20. according to the device of claim 19, it is characterized in that being enhanced the user that type acting server authentication is crossed, between automatic speech register and movement station, set up voice channel simultaneously with the data session channel for one.

21. according to any device among the claim 18-20, it is characterized in that, the keyword that identifies in self terminal user's the voice commands offers enhanced proxy server in the future, and enhanced proxy server comprises the coalignment with the voice commands of identification and the key element of storage/word coupling, so that find relevant hyperlink, send request to the application service provider in view of the above, and when enhanced proxy server is received the content of being asked, it is resolved, analyzes and shift onto the user agent.

22. device according to claim 12, it is characterized in that, for between the user agent of movement station and the enhanced proxy server synchronously, (by enhanced proxy server) introduces a client signal object, insert original backup and be stored in the original contents ((X) HTML) in the described server, and activation (opening) when voice browsed content is pulled to movement station.

23., it is characterized in that the client signal object periodically updates with the signal object value in the enhanced proxy server according to the device of claim 22.

24. device according to claim 23, it is characterized in that in user agent's (client) along with the script of original contents download is constantly checked the client signal object, need to determine whether content refresh, and in enhanced proxy server, use a script to activate proxy signal object (opening).

25. device according to claim 23 or 24, it is characterized in that the client signal object uses the WML script variable to generate, obtain from enhanced proxy server, and in enhanced proxy server the storage described script first and second versions, first version comprises the script of signal activation (opening), and second version comprises the script that indicator signal does not activate.

26. one kind allows/provides to it is characterized in that from the method for bimodulus movement station multimode visit simultaneously global metadata communication network, for example internet content it comprises the steps:

-provide to have the acting server that enhancement function browsed in speech,

The rule of keyword is extracted in-definition from institute's browsed content and a plurality of key word/key element,

-show keyword at former meaningful middle finger,

-according to indicated keyword, select the terminal user of key word to select a specific link/hyperlink, so that can visit any web page contents/page, and do not need to change original contents by speech.

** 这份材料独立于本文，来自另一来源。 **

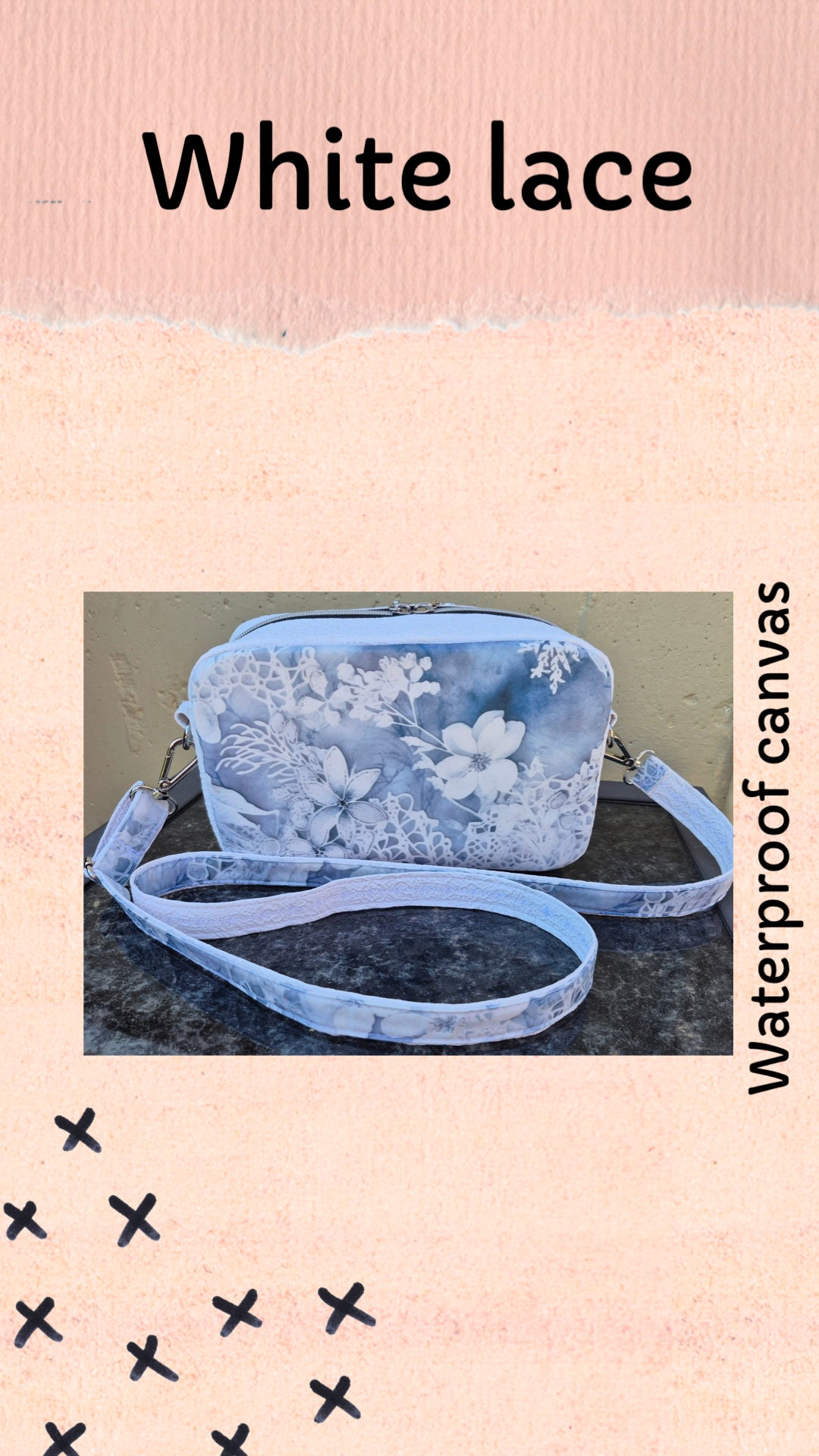 White lace round 26 retail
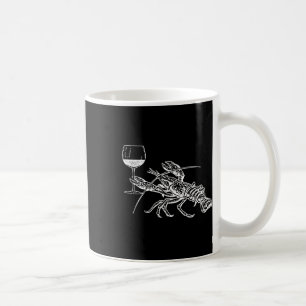 Lobster Wine Drinking Shirt Funny Beach Cruise Vac Coffee Mug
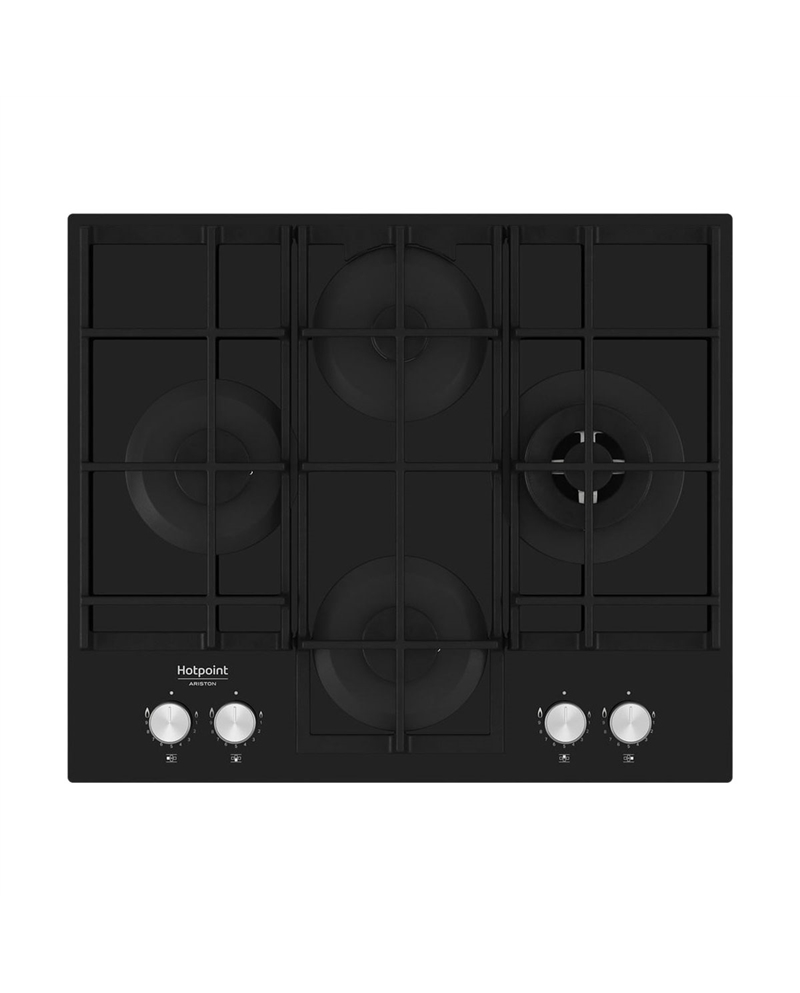 HOTPOINT PLACA 60CM CRISTALGAS VIDRO PRETO - HAGS62FBK HOTPOINT PLACA 60CM CRISTALGAS VIDRO PRETO - HAGS62FBK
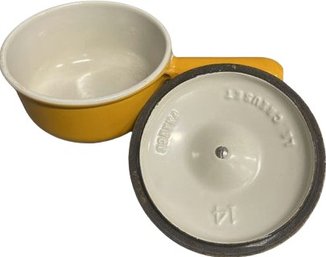 Le Creuset Cast Iron Yellow Sauce Pan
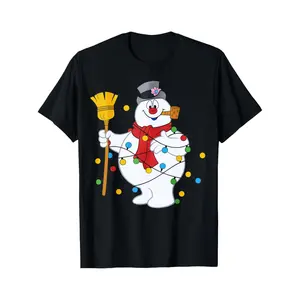 Delivered after Christmas-Unisex Funny Frosty The Snowman Graphic T-Shirt, Soft Cotton Ideal for Christmas & Casual Wear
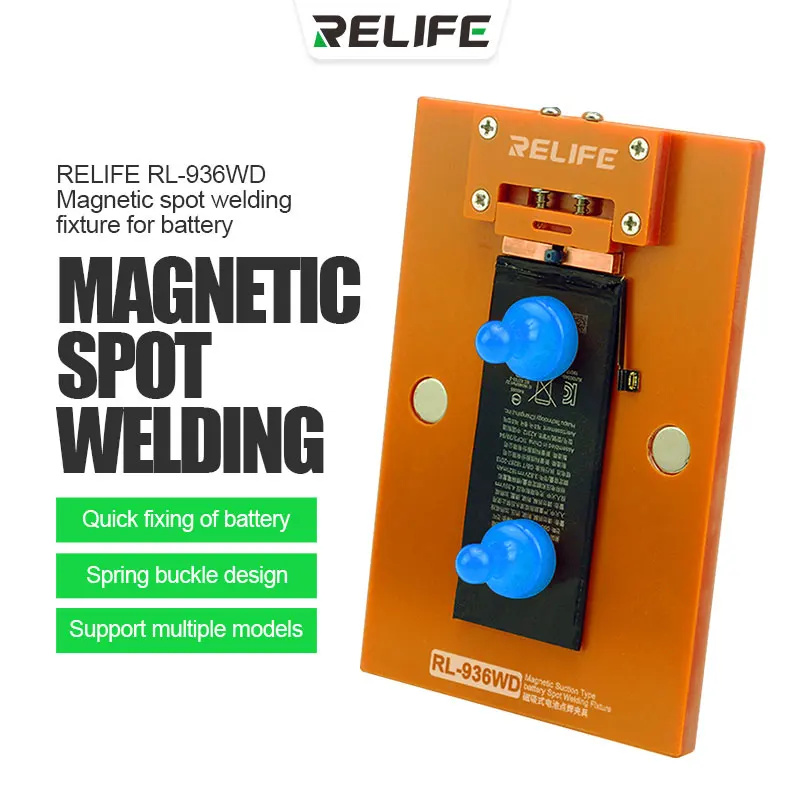 RELIFE RL-936WD Precision positioning Magnetic Spot Welding Fixture for Battery For iPhone Xiaomi HUAWEI Battery Repair Tools
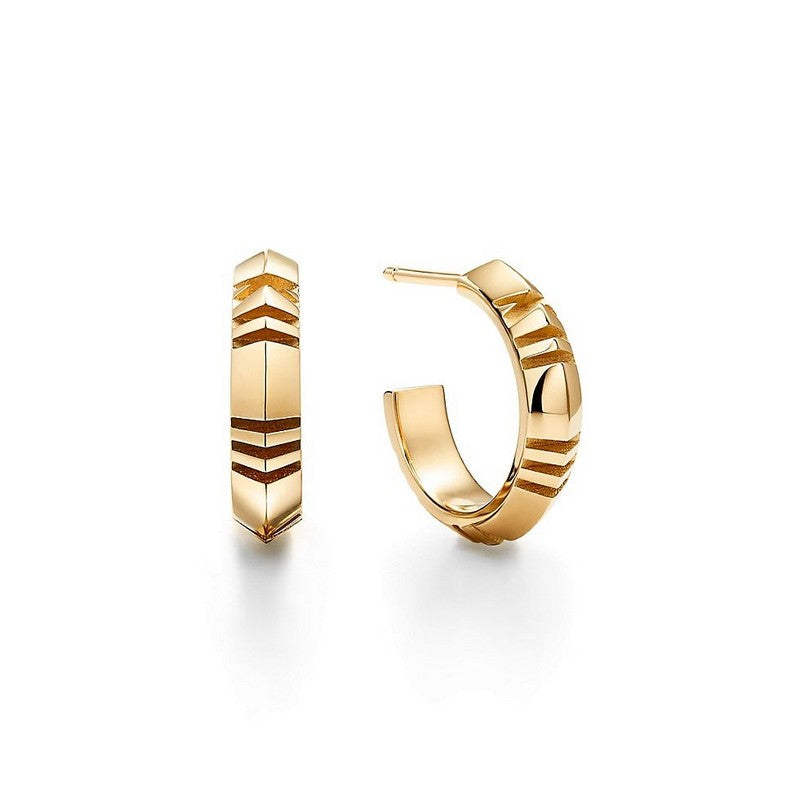 18K Atlas X Hoop Earrings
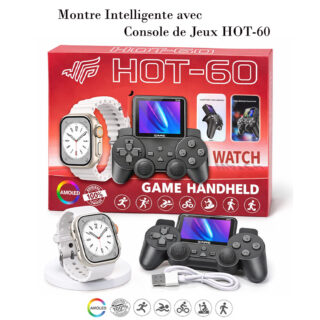 Montre Intelligente avec Console de Jeux HOT-60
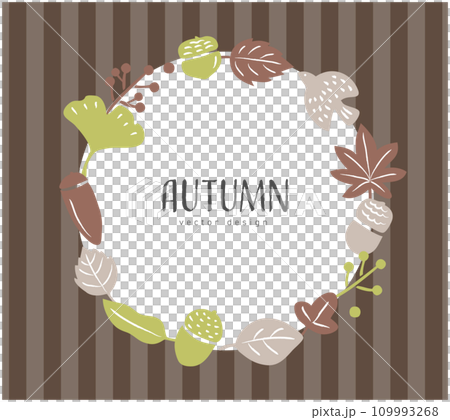 北欧風 秋の手描きフレーム 北欧風 秋の手描きフレーム 109993268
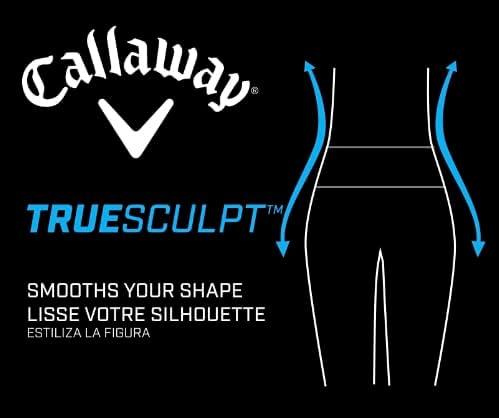 imageCallaway Womens 16quot Heather Perforated Golf Skort with TrueSculpt Stretch Fabric and OptiDri Technology Sizes XSXXLNectarine Htr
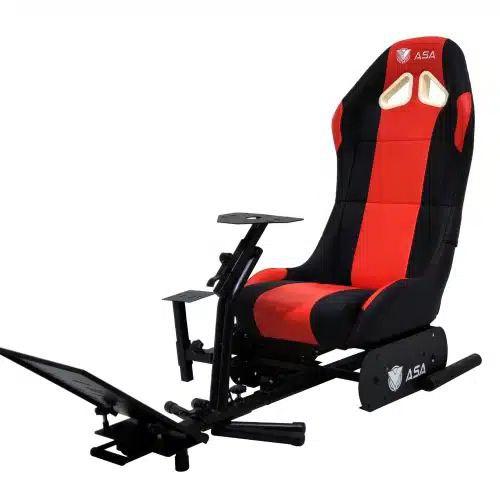 كرسي دركسون GAMING CHAIR ASA F-GTR-S RED AND BLACK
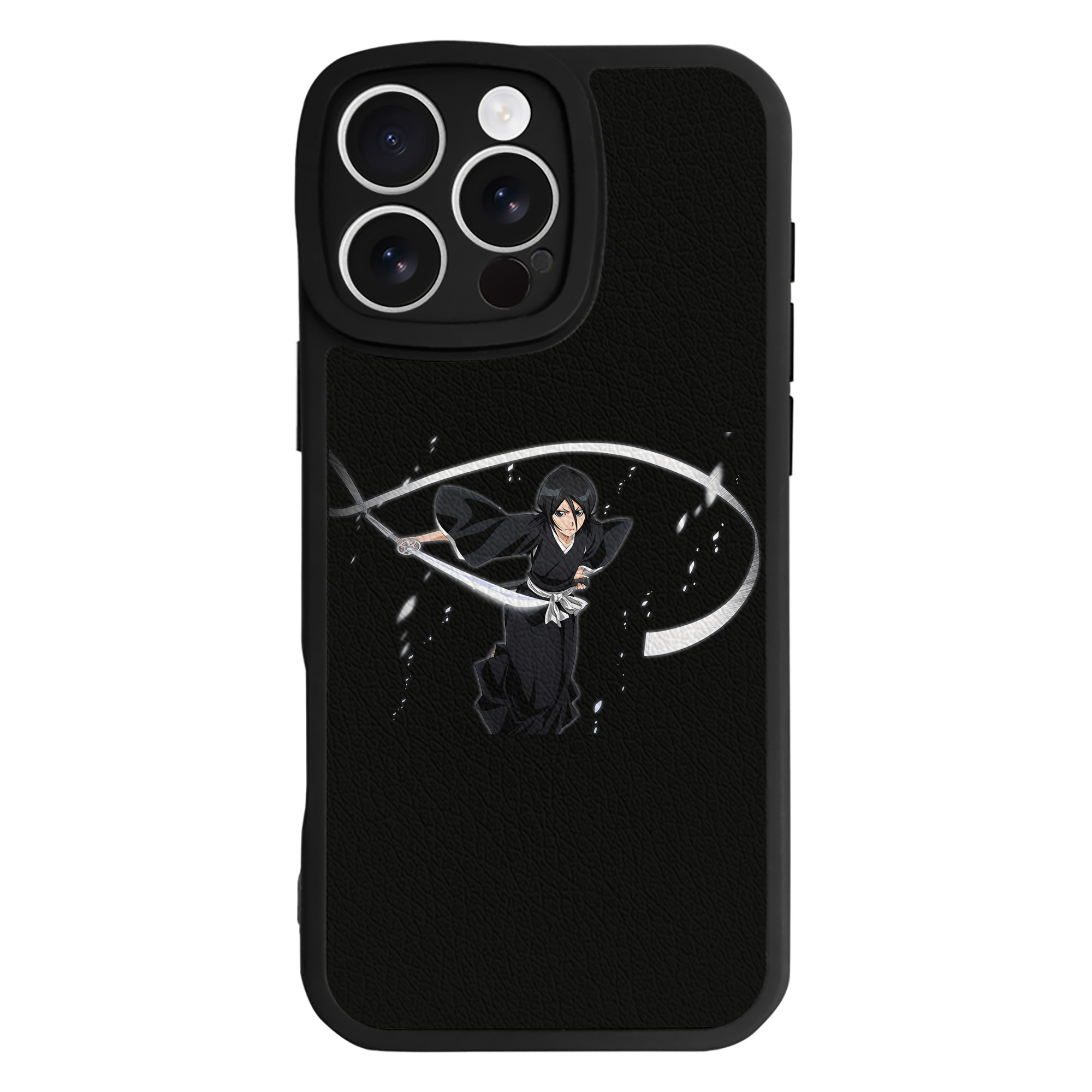 （画像用） ブリーチ 朽木ルキア BLEACH Kuchiki Rukia 【iPhone 16シリーズ対応】シリコンスマホケース（レザー調） 材質：シリコン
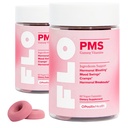 O Positiv FLO PMS Gummies for Women - Proactive PMS Relief - Στόχοι Ορμονικά Breakouts, Bloating, Cramps, & Mood Swings with Chasteberry, Vitamin B6, & Lemon Balm - PMS Gummies (Pack of 2)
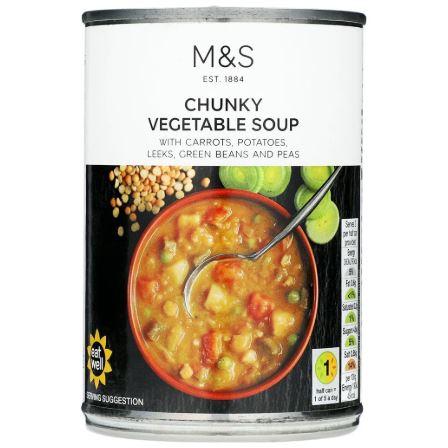 M&S Soup Chunky Vegetable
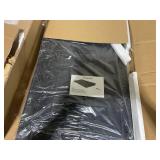 VEVOR Rubber Threshold Ramp, 2.6\" Rise Threshold Ramp Doorway, 3 Channels Cord Cover Rubber Solid Threshold Ramp, Rubber Angled Entry Rated 2202 Lbs Load Capacity for Wheelchair and Scooter"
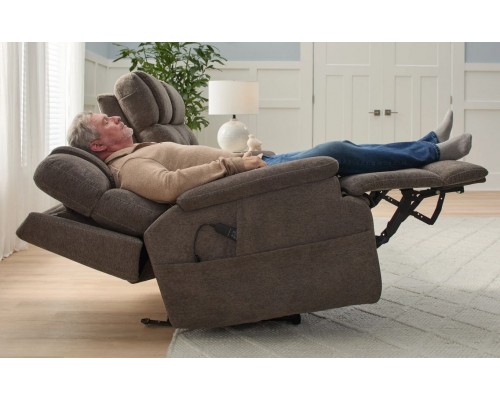 Zofa Fabric Power Sleep Sofa with Power Headrests & Lumbar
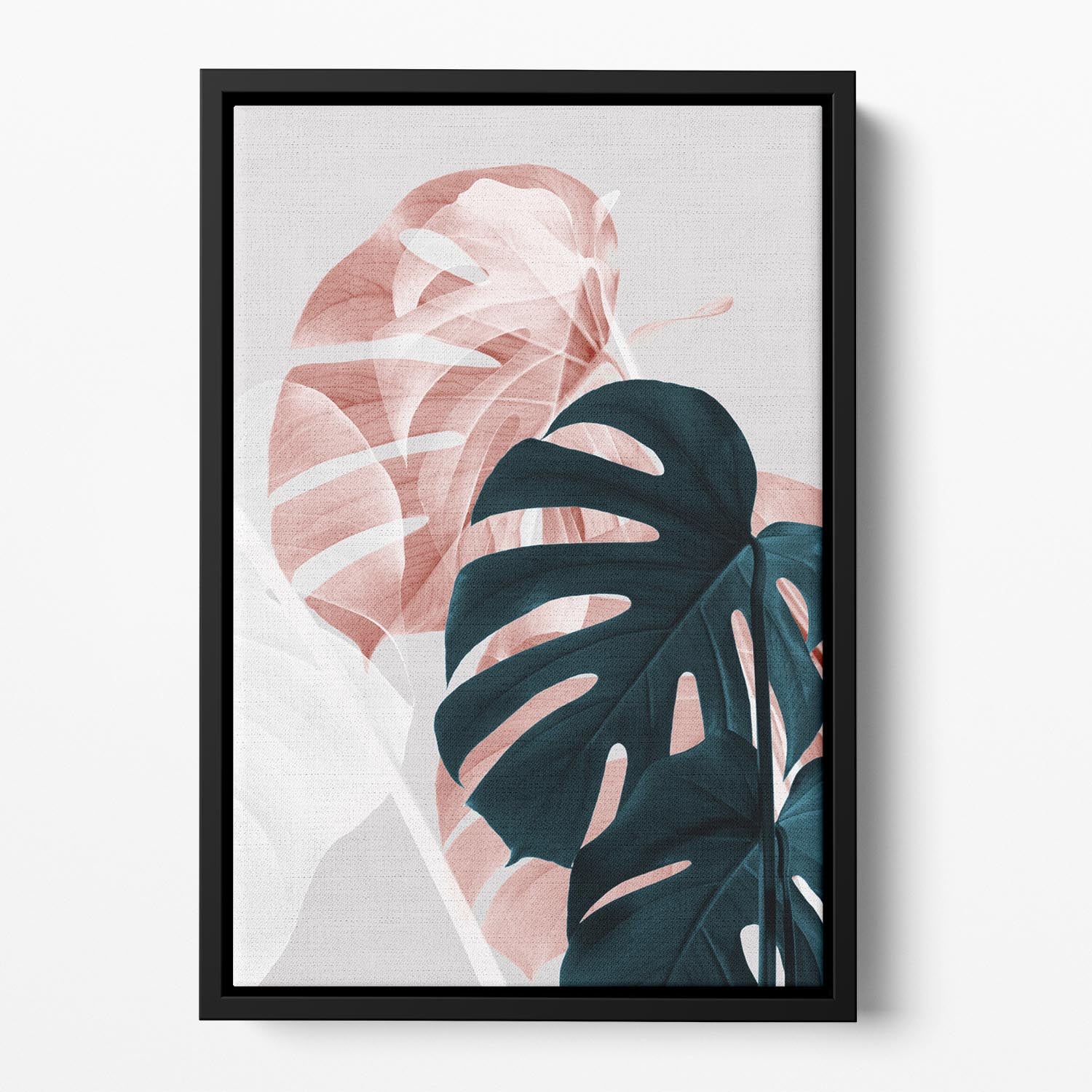 Monstera Creative 09 Floating Framed Canvas - Canvas Art Rocks - 2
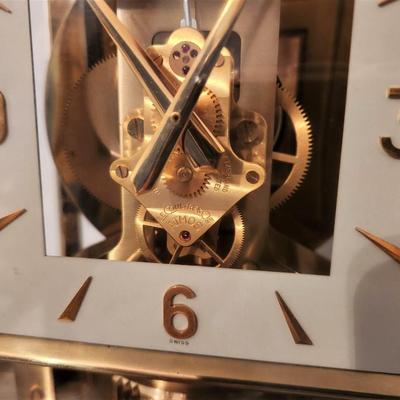 Lot #134  Fantastic ATMOS 15 Jewel Table Clock - 1964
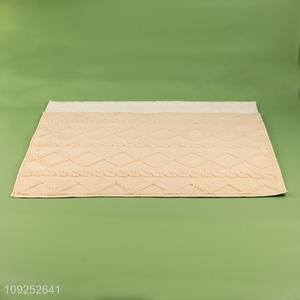 China products non-slip home decor polyester floor mat door mat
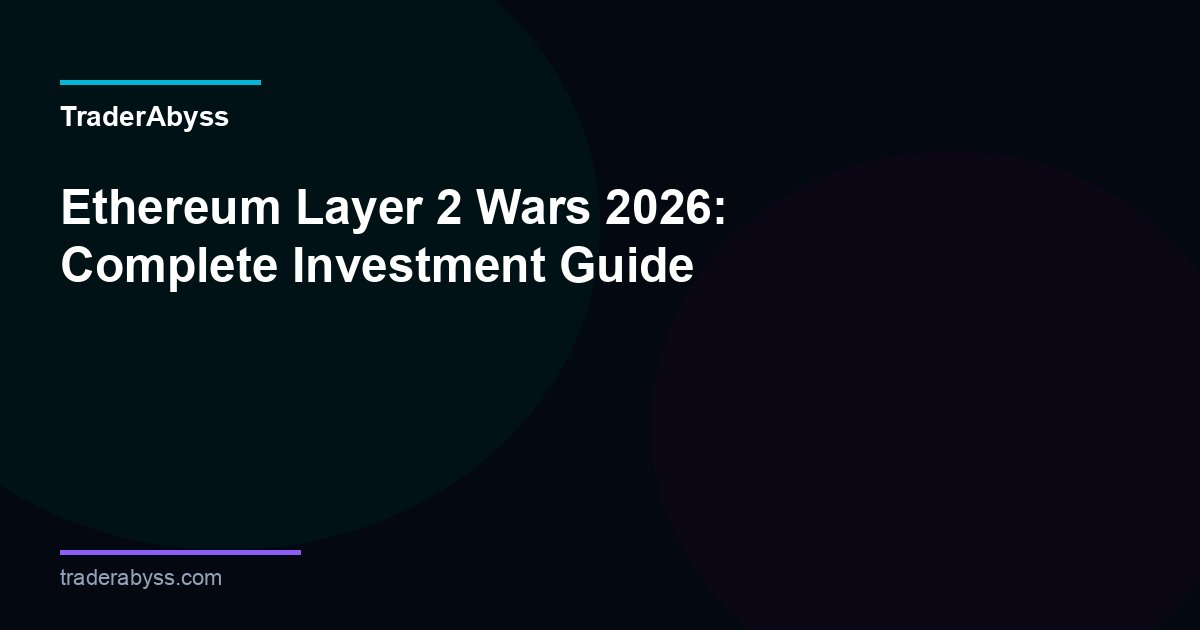 Ethereum Layer 2 Wars 2026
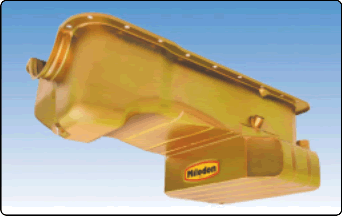 Milodon 18380 Gold Zinc Plated Low Profile Oil Pan Pickup for Ford 302W 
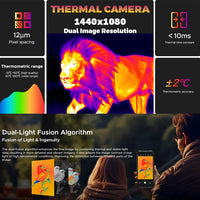 Doogee Fire 6 Max Thermal Camera 5G Rugged Phone 20800mAh Dimensity 7050 5G 6.72’’ Screen - Green - Doogee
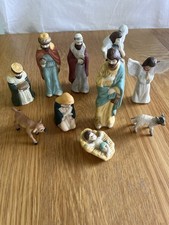 Christmas nativity ceramic for sale  WORTHING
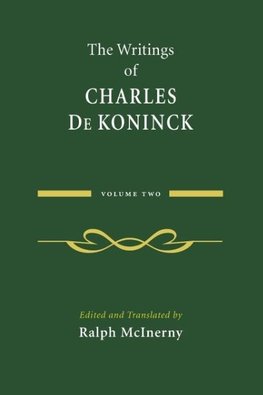 The Writings of Charles De Koninck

27. one kind provides, and (for example, a page etc.) method is characterized in that it comprises the steps: from bimodulus movement station while multimode access internet content

The acting server of-the enhancement function that the speech that provides support is browsed,

-in enhanced proxy server with have between the telephony platform of automatic speech register (ASR) and set up a connection,

-foundation/definition is used for the key element (speech) that speech is browsed,

-determine that speech is browsed whether will to activate and be supported, if,

-between movement station and automatic speech register, set up voice channel (based on user profiles),

-request is transmitted to relevant application service provider,

-resolve content and analyze the paragraph in content/webpage so that find key element,

-in the enhancement mode agency, revise content by changing flag attribute, so that the user can identify key element,

-content of revising in the previous step is sent to movement station,

-open the speech browsing session,

-open voice channel simultaneously with the data session channel,

-in enhanced proxy server, with keyword and the keyword matching of discerning in the voiceband user order predetermined and that select, so that determine to use which link to send the request of obtaining to relevant application service provider,

-handle from the content of application service provider's reception and with it pushing away to the user agent.